Montecito is a census-designated place (CDP) in Santa Barbara County, California. As of the 2000 census, the CDP population was 10,000, although the boundaries are ill-defined. Montecito is among the wealthiest communities in the United States. It is east of, and directly adjacent to the city of Santa Barbara, occupying the eastern portion of the coastal plain south of the Santa Ynez Mountains. Portions of the town are built on the lower foothills of the range. Notable roads spanning the length of Montecito include Mountain Drive, Sycamore Canyon Road, and East Valley Road.
The site of present-day Montecito, along with the entire south coast of Santa Barbara County, was inhabited for over 10,000 years by the Chumash Indians. The Spanish arrived in the 18th century, but left the region largely unsettled while they built the Presidio and Mission Santa Barbara farther west.
In the middle of the 19th century the area was known as a haven for bandits and highway robbers, who hid in the oak groves and verdant canyons, preying on traffic on the coastal route between the towns that developed around the missions. By the end of the 1860s the bandit gangs were gone, and Italian settlers arrived. Finding an area reminiscent of their homes in Italy, they built farms and gardens similar to those they had left behind in Italy.

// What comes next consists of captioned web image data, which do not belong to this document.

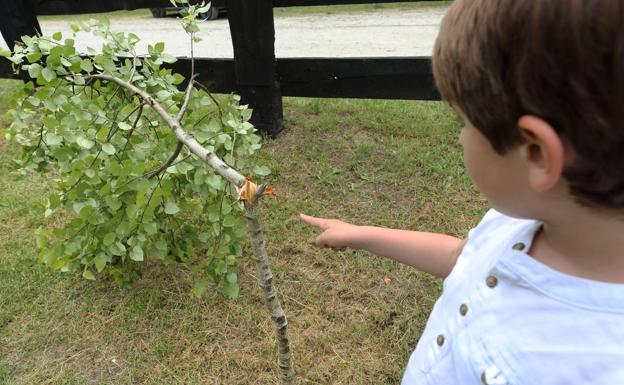 Destruyen por segunda vez los árboles plantados en el área recreativa de Terán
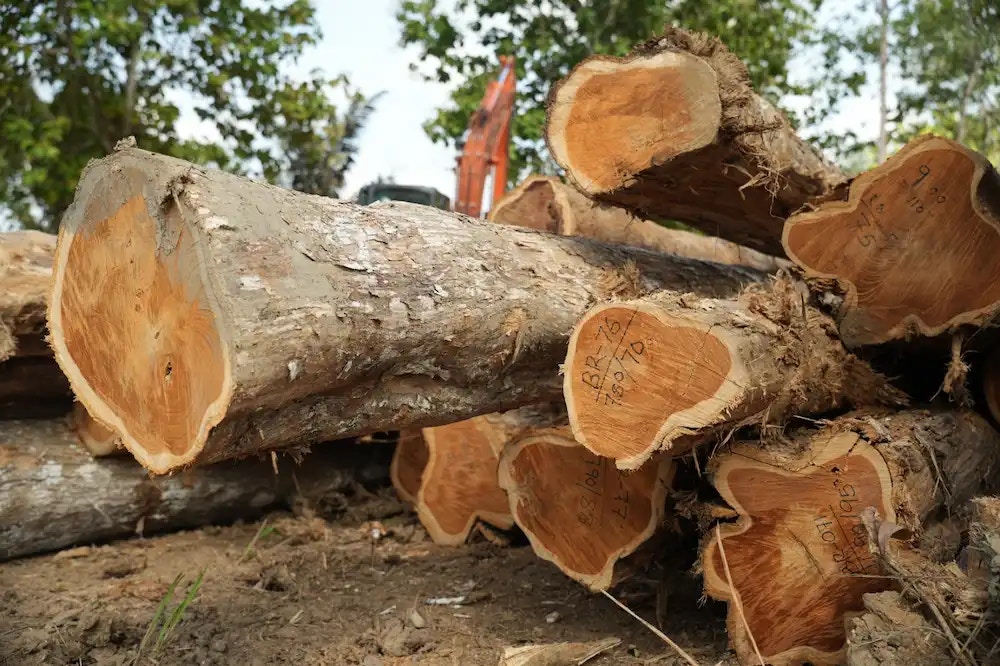 Teak logs malaysia stacked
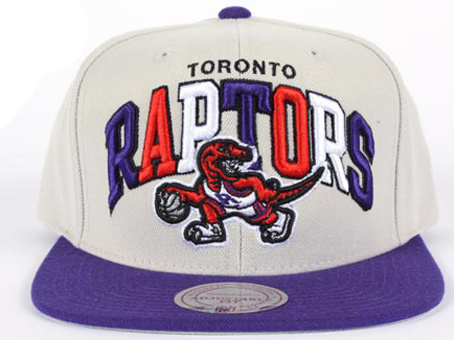 NBA Toronto Raptors M&N Snapback Hat NU09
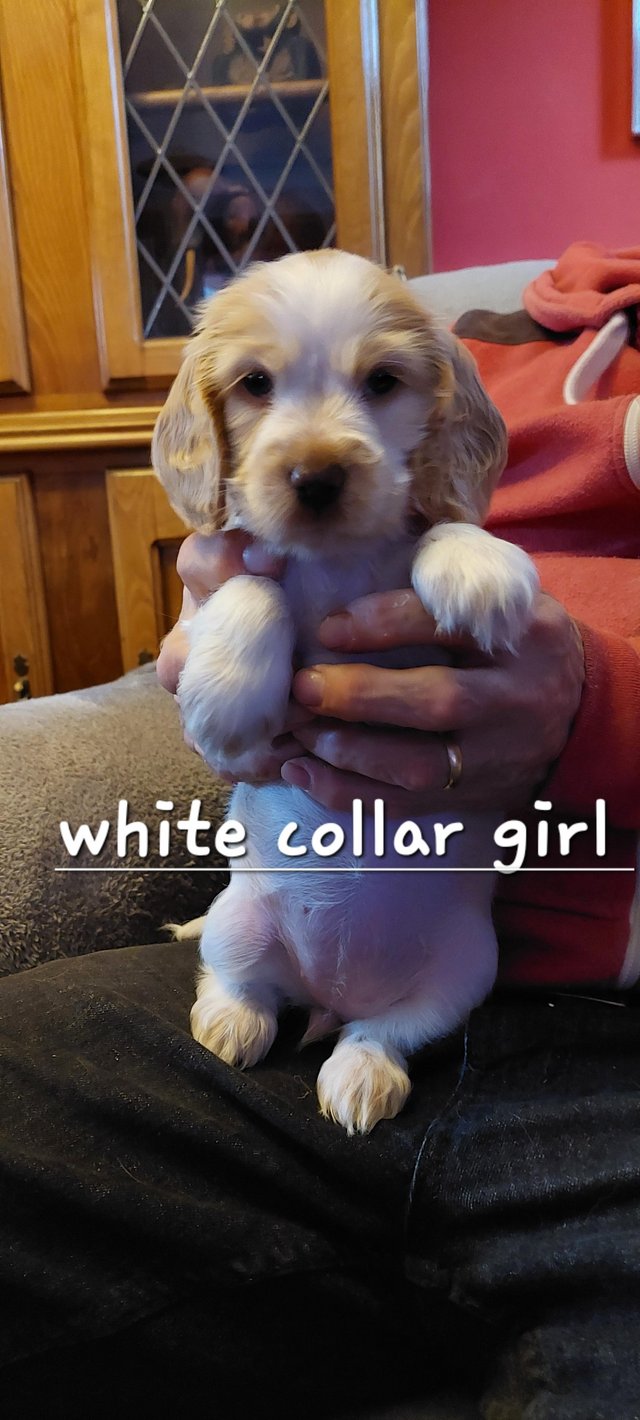 Preview of the first image of Kc reg show type cocker spaniel.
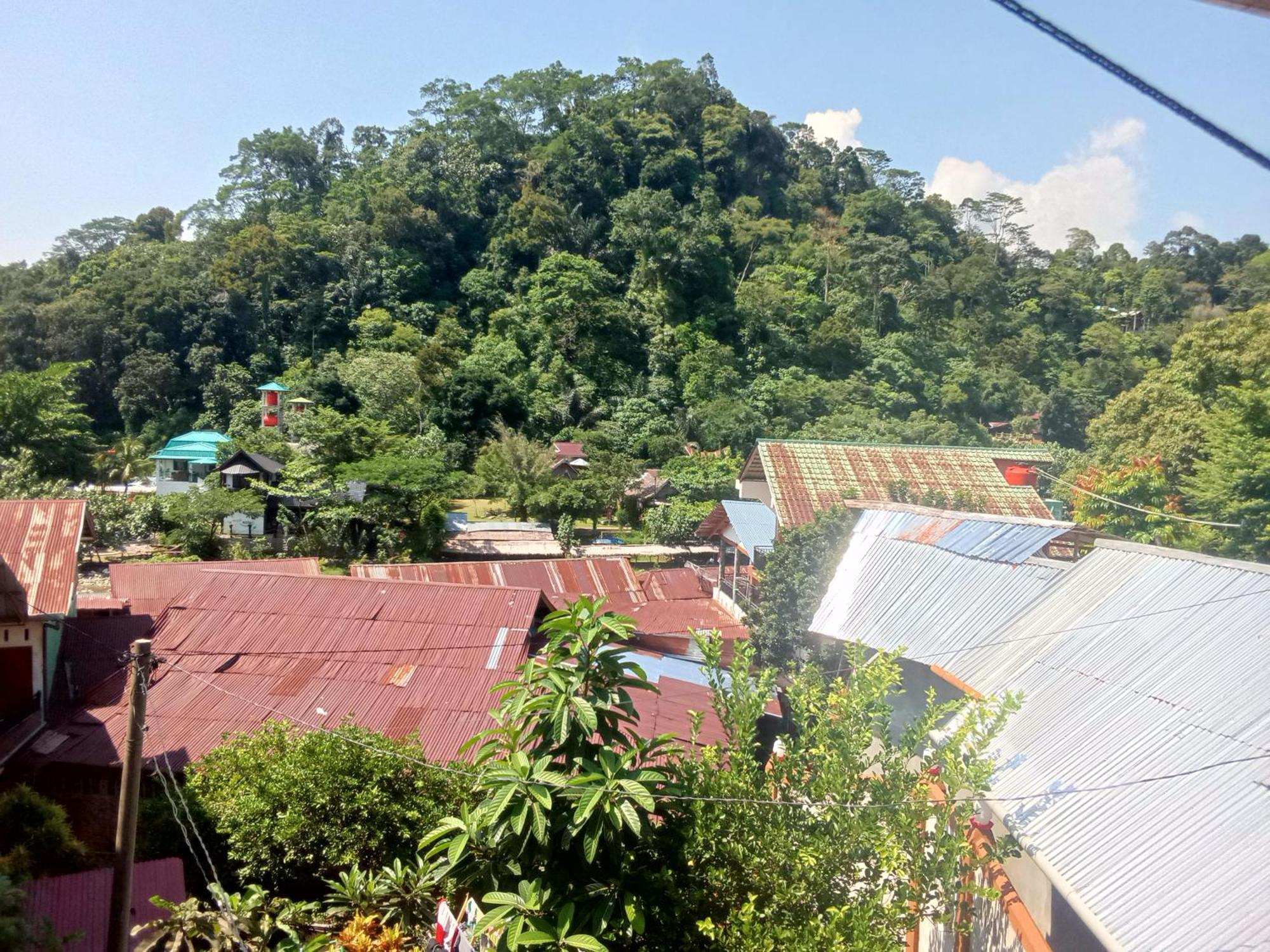 Hostel Jungle treking Bukit Lawang Exterior foto
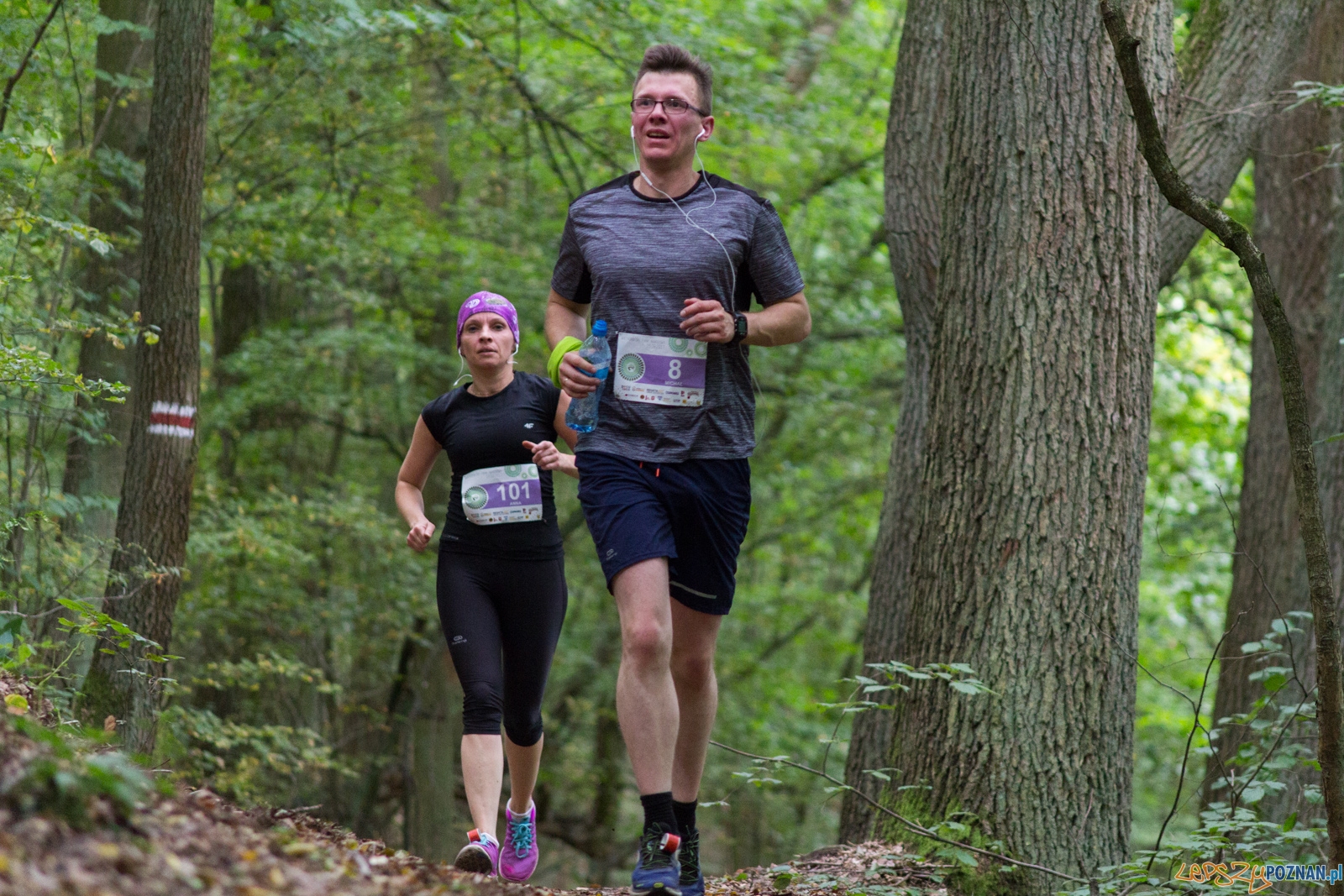 Forest Run Foto: lepszyPOZNAN.pl / Ewelina Jaskowiak Forest Run Foto: lepszyPOZNAN.pl / Ewelina Jaskowiak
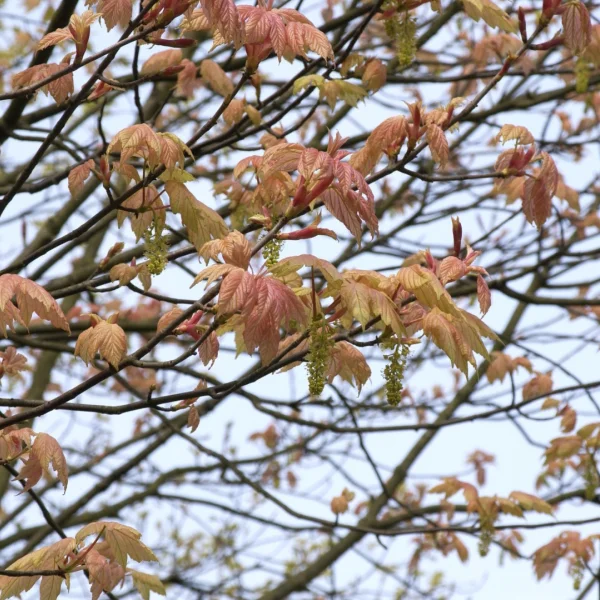 Acer pseudoplatanus 'Brilliantissimum' – Acer pseudoplatanus 'Brilliantissimum'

Around the end of the 19th century, rich tourists from the eastern United States began to buy land in the area: it was near enough to Santa Barbara for essential services, was beautiful, secluded, with desireable weather and several nearby hot springs for health ailments, affordable land.
The Montecito Hot Springs Hotel was built at the largest of the springs, in a canyon north of the town center and directly south of Montecito Peak, in Hot Springs Canyon. The exclusive hotel burned down in 1920; it was replaced a few years later by the smaller Hot Springs Club.
The architect George Washington Smith is noted particularly for his residences around Montecito, and for popularizing the Spanish Colonial Revival style in early 20th Century America. Montecito has its early 20th character retained of an area of exclusive estates.
In November 2008, 80 Montecito homes were destroyed in the Tea Fire, which also destroyed 130 homes in the adjacent City of Santa Barbara.
As of the census of 2000, there were 10,000 people, 3,686 households, and 2,454 families residing in the CDP. The population density was 1,072.3 people per square mile (413.8/km²). There were 4,193 housing units at an average density of 449.6/sq mi (173.5/km²). The racial makeup of the CDP was 94.03% White, 0.48% African American, 0.31% Native American, 1.29% Asian, 0.21% Pacific Islander, 2.14% from other races, and 1.54% from two or more races. Hispanic or Latino of any race were 5.19% of the population.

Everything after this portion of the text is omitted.